All of this detail would suggest then that the book has a recipe for brewing your own beer, and thankfully it does not disappoint, as number 130 is handily titled "How to Brew Your Own Beer", though confusingly our chef friend recommends a 30 gallon copper and a we actually have a size for the mash tub, 54 gallons, which is 245.5 litres. The other equipment recommended is:

"another tub of smaller size, called an underback; a bucket or pail, a wooden hand-bowl, a large wooden funnel, a mash-stirrer, four scraped long stoutsticks, a good-sized loose-wrought wicker basket for straining the beer, and another small bowl-shaped wicker basket, called a tapwaist, to fasten inside the mash-tub".
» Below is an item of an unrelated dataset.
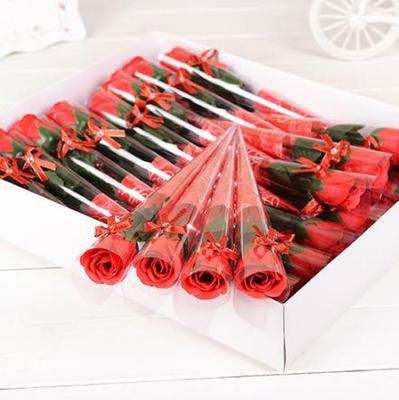 廠家直銷單支玫瑰皂花禮盒婚慶花店 生日創意 仿真花 聖誕節禮物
A recipe though, a recipe? I hear you cry as you so dearly want to go and make some Victorian style homebrew. Hold your drays sunshine, first things first, water. In a world without universal in home plumbing, what is a homebrewer to do? Well, apparently not to use spring water for a start as "its hardness...is unfit for brewing", remember that at this time geology was very much in its infancy. Ok then, no spring water. Rain water perhaps? Sure, if it is collected in clean vessels, but Francatelli recommends "water fetched from a brook or river" being "free from all calcareous admixture", basically water lacking in calcium carbonate, because the "consequent softness gives them the greater power to extract all the goodness and strength from the malt and hops". Ok, soft water it is then, though if you are an industrial labourer in the cities of Britain leading the Industrial Revolution, I am not convinced you'd be dipping into the Thames, the Trent, or the Clyde for your brewing water.

Eventually, we do get to a recipe, of sorts.

"In order to ensure having good wholesome beer, it is necessary to calculate your brewing at the rate of two bushels of malt and two pounds of hops to fifty-four gallons of water".

More maths...an Imperial bushel is 36.4 litres, a litre is a kilogram, therefore an Imperial bushel is about 36.4kgs, or 80.2lbs, we need two of those for making 54 Imperial gallons, so 160.4lbs of malt and 2 pounds of hops, whole leaf of course, since T-90 pellets weren't a thing yet. After a lot of head scratching and double checking my work, I think this means we would be looking at a starting gravity of about 1.067, and potentially an ABV of 6.4% - assuming the use of pale malt.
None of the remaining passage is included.